Adolfo Parmaliana, docente siciliano, inascoltato uomo della questione morale

Adolfo Parmaliana adorava la famiglia, la Juve, Berlinguer, l’idrogeno, il risotto di mare, gli studenti, Benigni. Voleva una vita d’impegno, di battaglie, di polemiche, di arrivi in salita. A poco più di cinquant’anni Adolfo Parmaliana si è dimesso dalla vita dopo essersi dimesso dall’essere prima italiano e poi siciliano. L’ottobre di un anno addietro si è lanciato dal viadotto di Patti Marina lasciando dietro di sé una terribile lettera d’accusa e lo sgomento dei tanti increduli che a compiere un simile atto fosse stato il cantore della gioia di vivere.

E anche se in questa storia ufficialmente non esistono colpevoli, il suicidio del professore di Chimica industriale, molto più apprezzato e amato all’estero che nella sua terra, pesa peggio di un omicidio sulle coscienze di coloro che l’hanno perseguitato. Ma costoro ce l’hanno una coscienza?
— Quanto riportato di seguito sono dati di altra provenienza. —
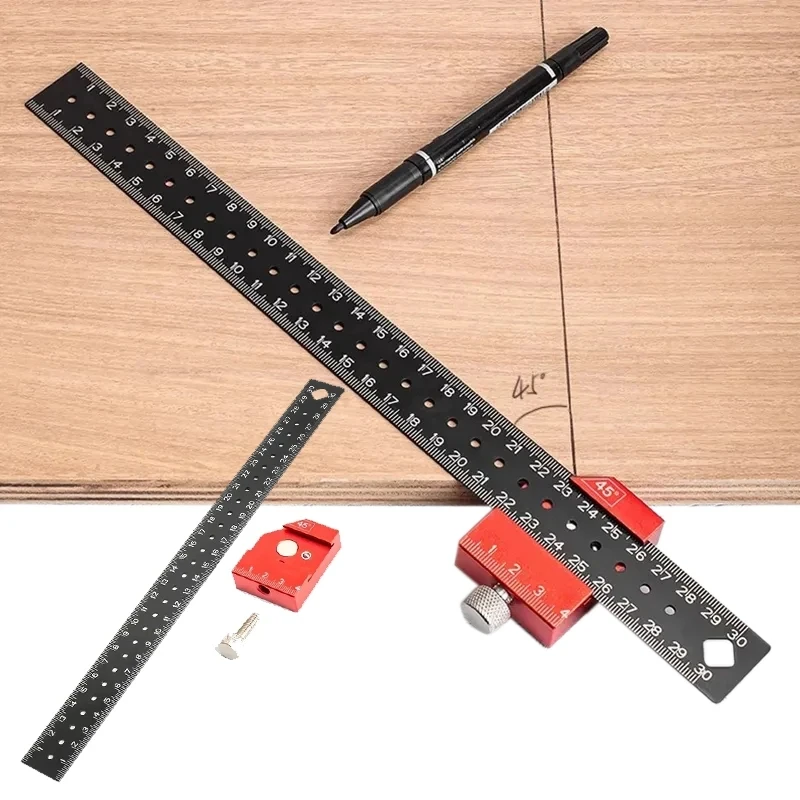 45°/90° Precision Slide Stop Ruler Stainless Steel Ruler Woodworking Measuring Pocket Ruler Inch/Metric Angle Straight T Square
Adolfo Parmaliana credeva nell’onestà dei siciliani, credeva che gli amministratori pubblici avessero quale scopo primario il benessere dei cittadini, credeva che i magistrati e i giudici vincessero il concorso per contrastare il Male e far trionfare il Bene. Adolfo Parmaliana credeva che fosse importante combattere per le proprie idee. Nel messaggio d’addio ha scritto: “Ho trascorso trent’anni bellissimi dentro l’università innamorato ed entusiasta della mia attività di docente universitario e di ricercatore. I progetti di ricerca, la ricerca del nuovo, erano la mia vita. Quanti giovani studenti ho condotto alla laurea. Quanti ricordi. Ora un clan mi ha voluto togliere le cose più belle: la felicità, la gioia di vivere, la mia famiglia, la voglia di fare, la forza per guardare avanti. Mi sento un uomo finito, distrutto”.